The approach I had was originally to create a micro-database for a common data store for all the returned hyperlinks from the various search engines. The problem is a micro-database is overkill in functionality. The SEQu-RAmA results do not need database functionality.

But it is the start of the right idea. I liken the approach to Futurama, and the “master in pile” at central bureaucracy in the episode “How Hermes Got His Groove Back.”

The results do not need to be flexible, it clusters results by type and hyperlink text alphabetically. Another important feature is the common data store of the “master in pile” must compute rank for duplicate links.

The final approach is what I term a “cardinal map” data structure. A map that stores a node consisting of the information of type, status code, hyperlink text, but adds a count or coefficient.

The cardinal map is primary for inserting data, in two possible cases. The first case is a node not in the cardinal map, so it is simply inserted with the count is equal to 1. The second case is the node with the data is in the cardinal map. Instead of inserting the node, it is retrieved and the count incremented.

The cardinal map is functioning like an ordered set in avoiding duplicates, and storing the nodes ordered by the data. The cardinal map is akin to the symbol table in a compiler, not just one data structure but a composition. A compiler symbol table allows the compiler to access information that a specific programming language expects to enforce the language rules.

Results Organization

The results are clustered together by type, color coded by the status of the link, and in alphabetic order by the hyperlink text. Now the rank is used to order the links, and then the alphabetic text.

With embedded links to click and go to a cluster of links by type, arranged by rank and hyperlink text. The color coded link then displays the status of the link.

Two Special Cases in Results Organization

There are two special cases (or at least the most obvious) for HTTP status code. The two status codes are:

  1. HTTP Not Found (404) - web page is not found at hyperlink
  2. HTTP ZZZZ       (999) - special case of unknown link status

An obvious question is “Why bother to include links that are not found and those that are unknown in status.”

HTTP 404 Not Found

The status code of HTTP 404 seems a dead end. After all, why click on a hyperlink that is not found at the site?

404 not found (use cache link from search engine, or from Wayback Machine

ZZZZ 999 Unknown

The custom status code of ZZZZ 999 seems like an HTTP 404 status code. But there is a significant difference. HTTP 404 is a web page not found, does not exist; but the the ZZZZ 999 is unknown, unable to verify that HTTP status code of the link.

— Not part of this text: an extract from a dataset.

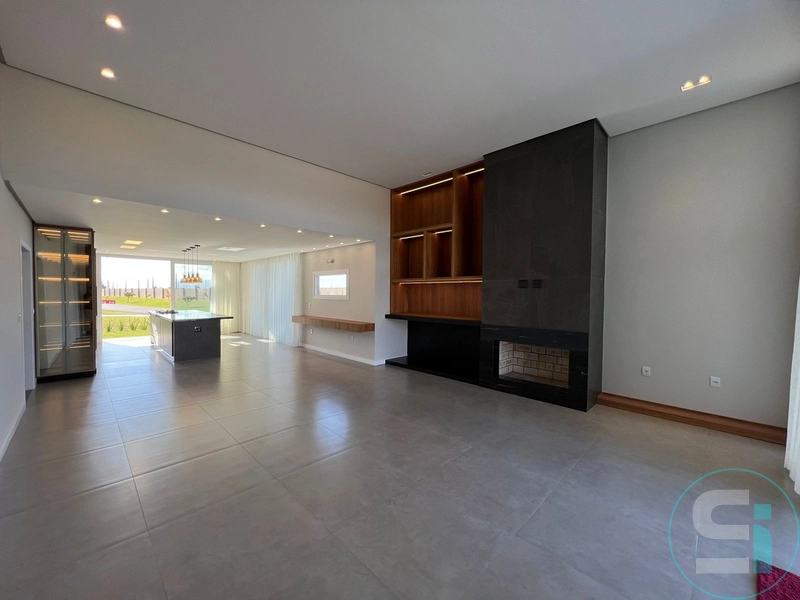 null: 28ª foto da galeria de imagens do imóvel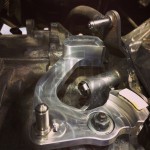 CTS Turbo Short Shift Kit for Audi A3, S3, and TT CTS Turbo Short Shift Kit for Audi A3, S3, and TT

999 ZZZZ is special case, unknown so take a chance by visiting hyperlink and/or including link to cache...something like a 40404

Color Coding of Hyperlinks

The color coding of the hyperlinks is a mix of choosing a color for a status of a hyperlink. One part is aesthetics, choosing a color that is not harsh on the eyes. The other part is a color logic, for example black for a status code of “web page not found” or 404, and grey for status code of “unknown status” or 999.

The choice of color is like the color coding of resistors in electronics only the difficult question and choice is what colors for what HTTP status code.

For example black for a dead, HTTP status 404 link gives forewarning, and perhaps grey as a warning for 999 ZZZZ status unknown. But the question remains of what color for other HTTP status codes...??